An online marketing consultant, an avid reader of 400 + books a year. Professional reader, reviewer, and blogger. Enjoy ARCs and new releases.
Talented Jodi Picoult returns following Leaving Time landing on my Top Books of 2014 with SHINE, a small book but big in so many ways. Packed with lots of heart, dreams, and the brightest of shining stars.
A special young girl you will fall in love with, as she learns at a young age the injustice of a cruel world of prejudice, race, and privilege.
Set in 1979, readers get a look at Ruth Brook’s life at an early age, prior to moving into the highly anticipated SMALL GREAT THINGS, where we pick up with Ruth’s life as an adult. Both powerful moving, thought-provoking, and emotional “must reads.”
Ruth is excited about her first day in the third grade at the private prestigious school, Dalton in Manhattan. She is smart and earned a scholarship. Unfortunately, she is the only black student in an all- white school. Surely her teachers and fellow students would see more than just her skin color.
Sam Hallowell’s chauffeur would take Ruth (black) and Christina (white) in a shiny black car through Central Park to the Upper East side to school. At the end of the school day, she would return and play with Christina in her room, or do her homework in the kitchen until her mama finished working.
Ruth and her mom would then take the bus to Harlem, back to their own place, where Granny and Rachel would be waiting. Rachel, her sister goes to a public school in Harlem.

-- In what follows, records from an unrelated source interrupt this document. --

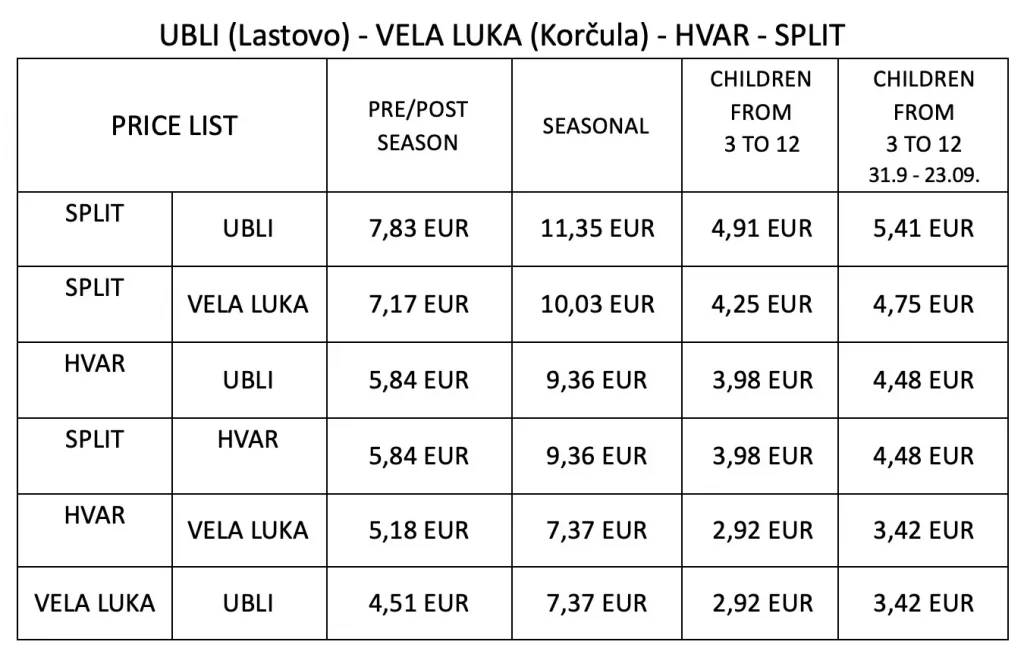 vela luka split katamaran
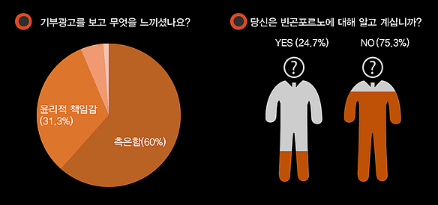 전체관람가 빈곤포르노. 당신도 눈물에 기부하셨나요?
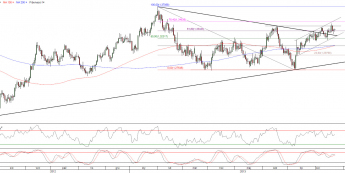 Wykres dzienny kursu EUR/USD<span>Źródło:TMS Direct<span>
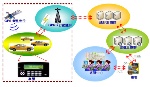 supplychain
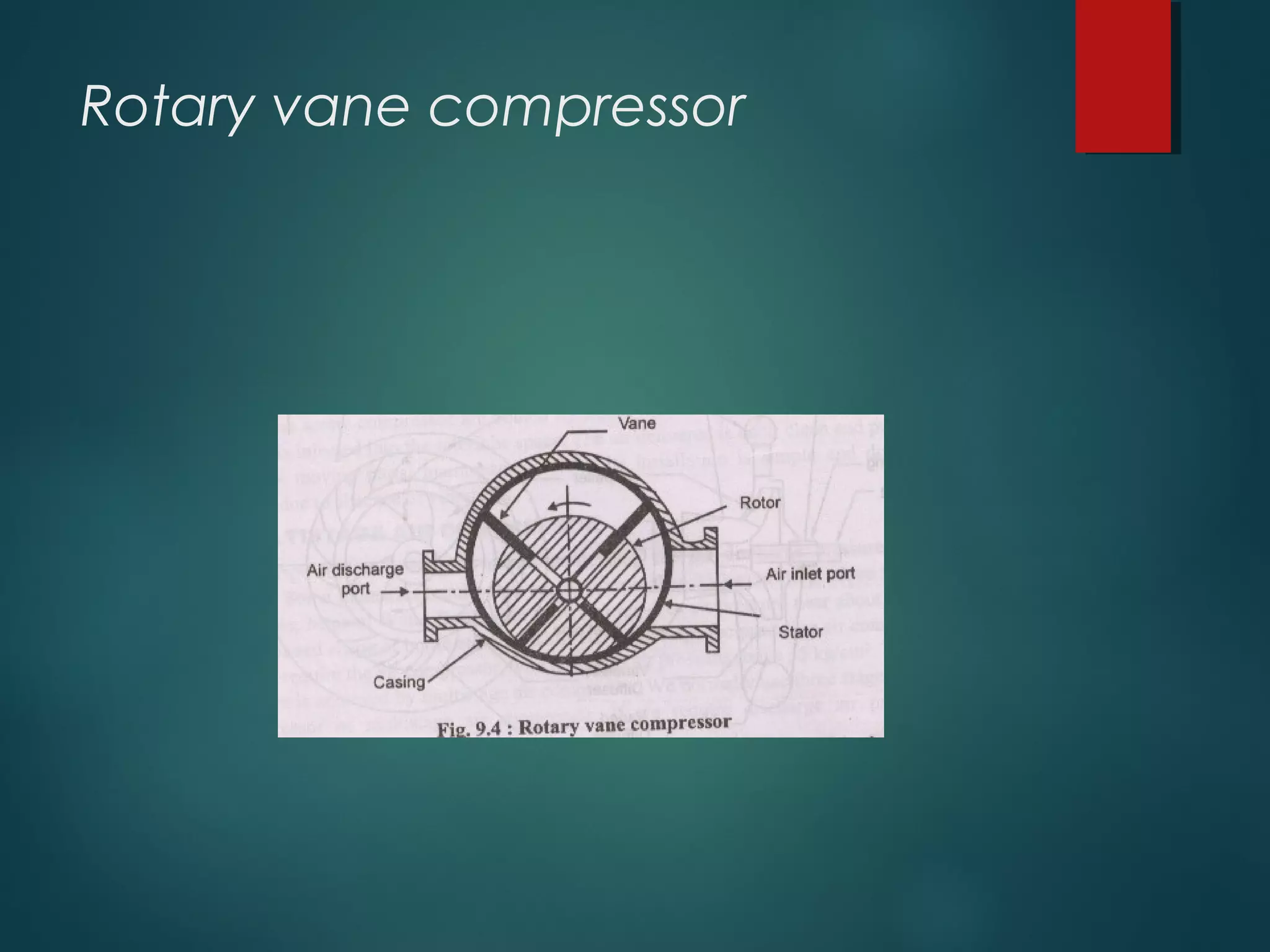 Rotary vane compressor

Ms. Mina is her mama’s employer and Christina's mom. Ruth's mama is a housekeeper for the wealthy white family. They were a good family and helped her attain a full scholarship, but she had done the work, taken a test and done well. She was grateful for this incredible opportunity and wanted to make her mama proud. She wanted her to have a good education, so she could make something of herself.
Christina and Ruth had been friends for a long time; however, this was something new. There would be no one who looked like her. How would Christina treat her around her friends?
Soon Ruth feels uncomfortable when the class has an assignment of drawing their family. Would her mama be on Christina’s drawing and Ruth’s? Could she and Christian possibly be more alike than different?
Ruth was a good student, the best reader in the class and loved astronomy. She was a good listener, a willing friend. They were studying about stars. The reason stars look so small in the night sky is because they’re so far away from us.
"Her teacher had said that when we look at a star, we’re looking backward in time. We’re seeing a moment that happened millions of years ago."
What if in the future they had a piece of the moment Ruth was living right now? It made her feel like yesterday and tomorrow weren’t all that far away from each other. What if there was a bigger world than her world- bigger than the boundaries of her imagination.
Soon she finds others look at her different. Some do not like her color. They are mean and mistreat her. All her hopes and dreams are soon shattered. Ruth happened to be on the outskirts of the universe.
“That was all it took. That chink in the foundation, that work of a question—for Ruth to peek behind the fancy wrapping of the story she’d created in her own mind. The justification, the wishful thinking—it swept away by the broom of doubt, like so much smoke. “
Ruth felt as though her life was like Cinderella, turning back into her rags with her pumpkin.
She learns early on (firsthand) she is in the middle of two universes. She does not want to be in Harlem as she does not fit in, as a light milky cream color and wants a better education. Nor does she fit in a white world at Dalton. Ruth is smart and wants to learn, unlike her sister, Rachel. She is even a much lighter color than her sister.
She must learn to navigate between the two worlds and hope like the stars, no matter where you stand you will be under the same light. She wants to be "seen" beneath her color.
What a great book and a great intro!
I had the opportunity of receiving an advance reading copy of Coming Oct 11 SMALL GREAT THINGS (Top Books of 2016), which I read prior to the release of SHINE. I absolutely fell in love with Ruth as an adult and sympathized with all the challenges she had to overcome. It further enhanced my overall experience, when then getting to return to Ruth’s childhood to learn of her journey from the start.From the eyes of a child.
Picoult is such a dynamic author (have read all her books). She always does a fabulous job in packaging her books, offering insights into childhood and adulthood. Two different views. Highly recommend reading both (in any order you choose). They will "change" the way you think. Soul-Searching.
Includes a preview of Jodi Picoult’s highly anticipated new novel, Small Great Things!